Unabhängig davon, ob ein solcher Anspruch jemals uneingeschränkt bestanden hat, kann er in der heutigen Zeit jedenfalls nicht mehr bestehen. Denn nach dem auch in der Justiz die Einführung des elektronischen Rechtsverkehrs vor der Türe steht und Schriftsätze mit einer Originalunterschrift durch Dateien ersetzt werden, können für die Prüfung von Betriebskosten keine höheren Anforderungen gelten.
Ein genereller Anspruch des Mieters, in jedem Fall Einsichtnahme in die Abrechnungsunterlagen im Original zu erhalten, ist nicht gegeben (vgl. Langenberg/Zehelein, Betriebskosten- und Heizkostenrecht, 8. Aufl., H Rz. 285). Deshalb kann im Grundsatz die Belegprüfung anhand von Kopien stattfinden (OLG Düsseldorf v. 21.5.2015 - 10 U 29/15; LG Hamburg v. 5.12.2003 – 311 S 123/02; AG Mainz v. 2.6.1998 – 72 C 118/98).
Eine Prüfung von Originalbelegen lässt sich in vielen Fällen schon praktisch nicht durchführen, da damit möglicherweise sogar das Recht des Mieters vereitelt würde. Dies wird mit Blick auf eine Wirtschaftseinheit von mehr als 50 Wohnungen deutlich. Hier werden in der Regel derart viele Unterlagen zusammenkommen, dass der Mieter mindestens einen ganzen Tag benötigt, um alle seine Fragen zu klären. Hätte jeder Mieter Anspruch auf die Originalbelege, würde sich die Belegprüfung auf 50 (Arbeits-) Tage verteilen. Bei Wirtschaftseinheiten mit mehreren 100 Wohnungen wird deutlich, dass sie sich innerhalb der Einwendungsfrist jedenfalls nicht für alle Mieter nicht realisieren lassen kann. Zwar wird sich die Einwendungsfrist entsprechend verlängern. Zu diesem Zeitpunkt liegt aber dann in der Regel die neue Abrechnung bereits vor.

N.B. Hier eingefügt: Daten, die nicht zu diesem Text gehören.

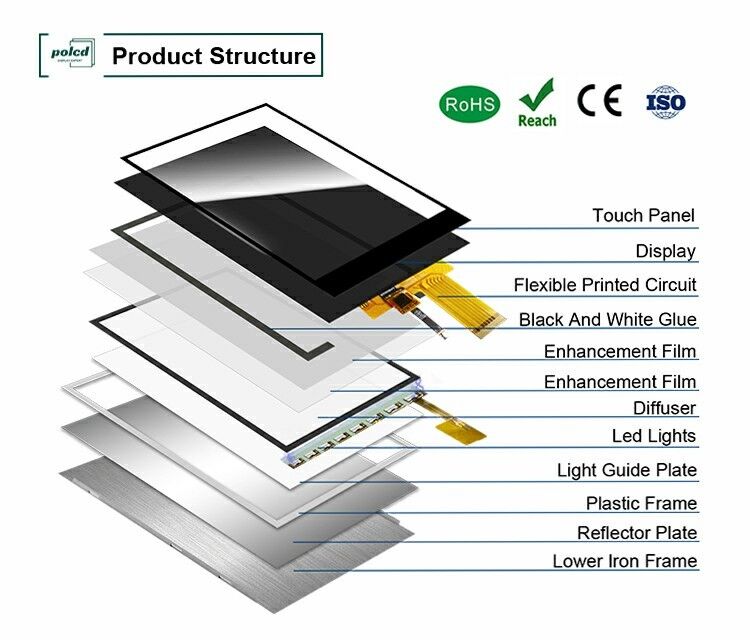 Polcd MIPI Interface 5.5 polegadas Painel de exibição em cores pequenas TFT LCD Modulo de tela sensível ao toque capacitiva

Der Vermieter, der ein papierloses Büro führt (zu dem nun auch die Justiz übergeht), kann Originale in der Regel nicht mehr vorlegen, weil sie nach einer kurzen Aufbewahrungszeit vernichtet werden. Denn selbst die Finanzverwaltung akzeptiert für die Steuerfestsetzung die elektronische Übermittlung der Unterlagen und sieht sich in der Lage, daraus die Steuerfestsetzung herzuleiten.
Der Gesetzgeber hat dem technischen Fortschritt in der Verwaltung und Kommunikation durch diverse Gesetzesänderungen Rechnung getragen, wie sich aus den Vorschriften der §§ 126a, 126b, 127 Abs. 2 + 3 BGB ergibt. Auch in die Zivilprozessordnung hat der Fortschritt Einzug gehalten. Beispielhaft wird insoweit auf § 689 Abs. 3 und § 371a ZPO verwiesen.
Es ist kein höherer Wert ersichtlich, der den Mieter schützenswerter erscheinen lässt. Deshalb kann er Originale nur dann verlangen, wenn die Kopie als solche Mängel aufweist oder der begründete Verdacht besteht, dass die Kopie manipuliert wurde.